Ein „Gegen“ ist nie gut

Deutschland China CAI

Das Jahr geht zu Ende. Eigentlich Zeit für Bilanzen. Doch in diesem Jahr fällt dies schwer. Hatte China die ersten beiden Corona-Jahre mit Bravour gemeistert, kann davon 2022 nicht mehr die Rede sein, mit allen Herausforderungen für die heimische Wirtschaft und globale Lieferketten.

Gleichzeitig hat sich das internationale Umfeld in einer Art geändert, wie es Anfang des Jahres wohl keiner vermutet hat. Aus allen Richtungen bläst ein stürmischer Wind, um es chinesisch-blumig auszudrücken. Auch in den deutsch- beziehungsweise europäisch-chinesischen Wirtschaftsbeziehungen. Zwar hat der Präsident der EUKammer in China, Jörg Wuttke, erst vor wenigen Tagen im Interview mit dem chinesischen Sender CGTN erneut betont, europäische Unternehmen stünden zu ihrem Engagement in China und eine Absatzbewegung aus China in andere Regionen beobachte er nicht. Im Gegenteil investierten die Firmen weiter, um den Bedarf des chinesischen Marktes zu bedienen, für den es in seiner Größe de facto keinen Ersatz gibt. Gerade für deutsche Paradebranchen gelte dies, für den Fahrzeugbau etwa und die chemische Industrie.

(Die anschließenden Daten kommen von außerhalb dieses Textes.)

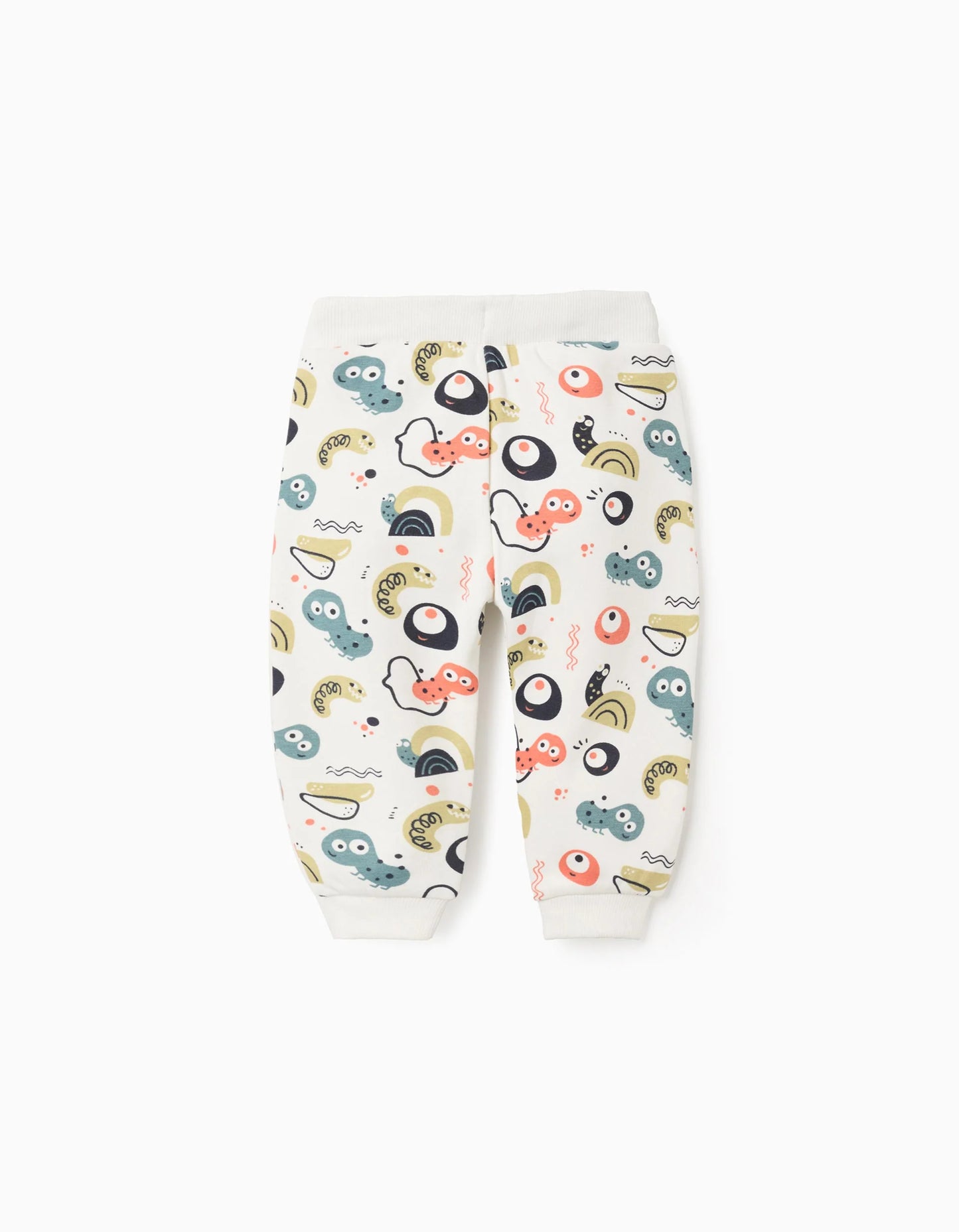 Brushed Joggers with Motif for Boys 'Bugs', White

Doch die Diskussionen in Brüssel und vielen europäischen Hauptstädten zeigen in eine andere Richtung. Der „strategische Rivale“ müsse in seine Grenzen gewiesen werden. Unabhängiger von China wolle man werden. So hat Bundeswirtschaftsminister Robert Habeck deutsche Führungskräfte auf der Asien-Pazifik-Konferenz der Deutschen Wirtschaft in Singapur gedrängt, anstatt in China in anderen Asien-Pazifik-Ländern zu investieren. Ob ihm die Konsequenzen in ihrer ganzen Dimension bewusst sind? Wäre es nicht klüger, ein „Auch“ zu betonen? Denn Diversifizierung kann nie verkehrt sein, auf mehreren Beinen stehen ebenso nicht. Jedenfalls arbeitet sein Ministerium,wie zu lesen ist, an einer China-Strategie, die sowohl deutschem Engagement in China als auch umgekehrt chinesischem in Deutschland Fesseln anlegt.

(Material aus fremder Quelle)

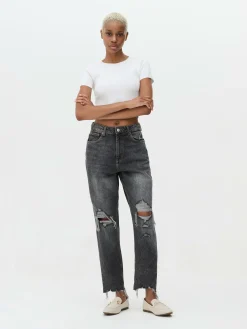 Femme Primark Jean|Denim|Jean Mom En Denim Déchiré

Dass der grüne Wirtschaftsminister an einer eigenen Strategie arbeitet, während seine Parteikollegin Annalena Baerbock im Außenamt eine weitere ausarbeitet, mutet ohnehin seltsam an. Beiden dürfte gemein sein, den erkannten „Feind“ China wirtschaftlich und geopolitisch klein zu halten. Dabei wäre es schlauer, an Strategien
zu arbeiten, die darauf zielen, das eigene Land, die eigene Wirtschaft für den Wettbewerb zu stärken. So wie es China seit Jahren macht, in Europa freilich mit Argwohn beobachtet.

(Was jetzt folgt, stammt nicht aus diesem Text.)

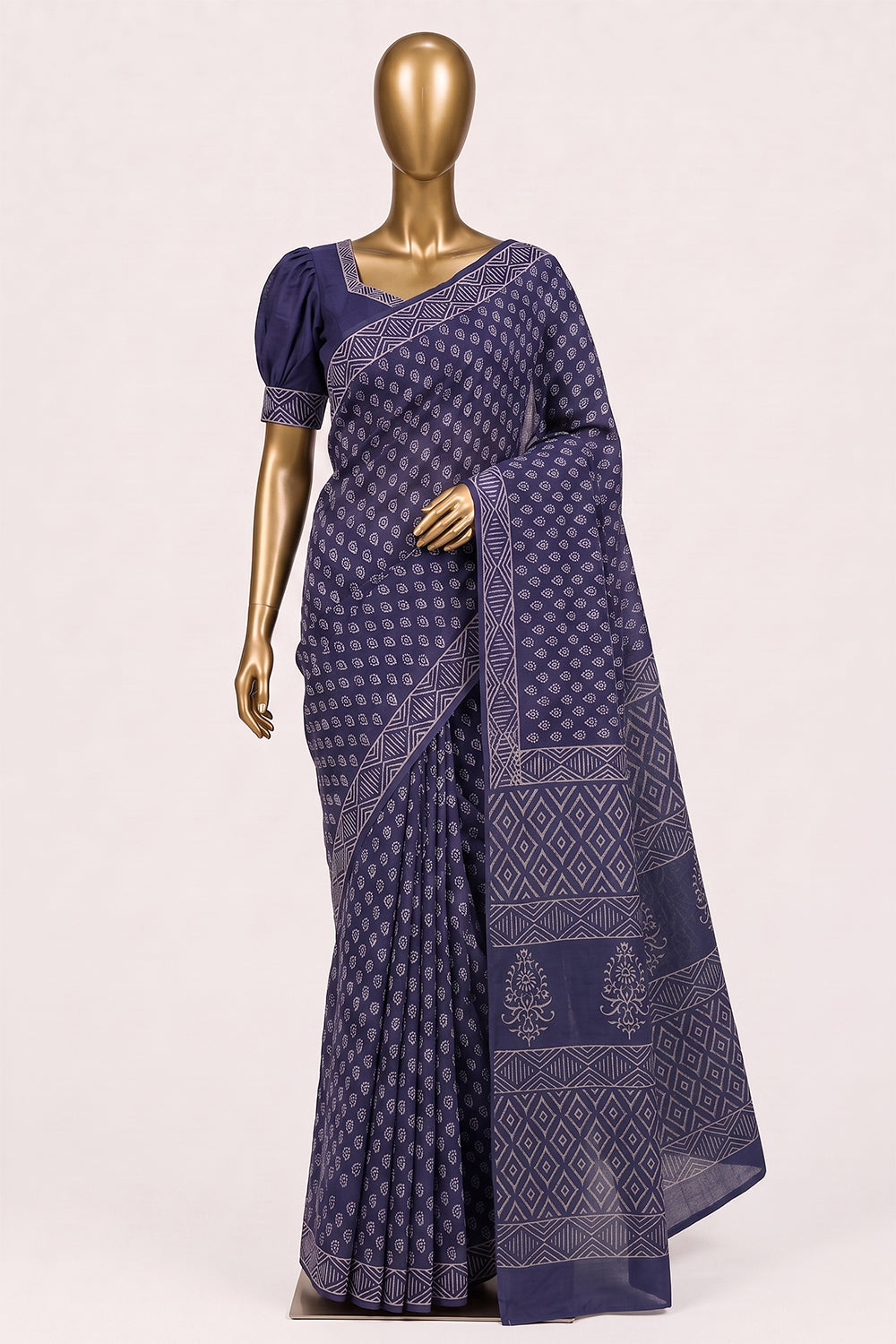 Image of Smoky-Grey Printed Silk Saree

Strategien, die ein auf Wachstum orientiertes „Für“ formulieren, anstatt ein ideologisch determiniertes „Gegen“ – das ist es, was wir heute in Deutschland, Europa und auch in China mehr denn je brauchen. Strategien, die nicht fesseln, sondern gemeinsames Handeln anregen und fördern.

Insofern ist es gut, dass zum Ende des Jahres in Peking die Türen wieder weiter geöffnet werden. Bundeskanzler Olaf Scholz war Anfang November in der chinesischen Hauptstadt. Einen knappen Monat später folgte der Präsident des Europäischen Rates, Charles Michel. Nach drei Jahren wird wieder miteinander gesprochen, nicht per Video-Call. So bequem Zoom und Co. auch erscheinen mögen, persönliche Kontakte, bei denen auch kleine Gesten erkannt werden, sind allemal besser, um Steine aus dem Weg zu räumen und Gemeinsamkeiten auszuloten. So bleibt dann nur für das kommende Jahr der Wunsch, dass auch die beiden Strategie-Schreiber das persönliche Gespräch suchen und sich nicht nur aus der Ferne eine Meinung bilden.

Peter Tichauer

Peter Tichauer ist ein ausgewiesener China-Experte. Nachdem er mehr als 20 Jahre das Wirtschaftsmagazin ChinaContact aufgebaut und als Chefredakteur geleitet hat, ist er seit 2018 im Deutsch-Chinesischen Ökopark Qingdao (www.sgep-qd.de) für die Kommunikation mit Deutschland verantwortlich.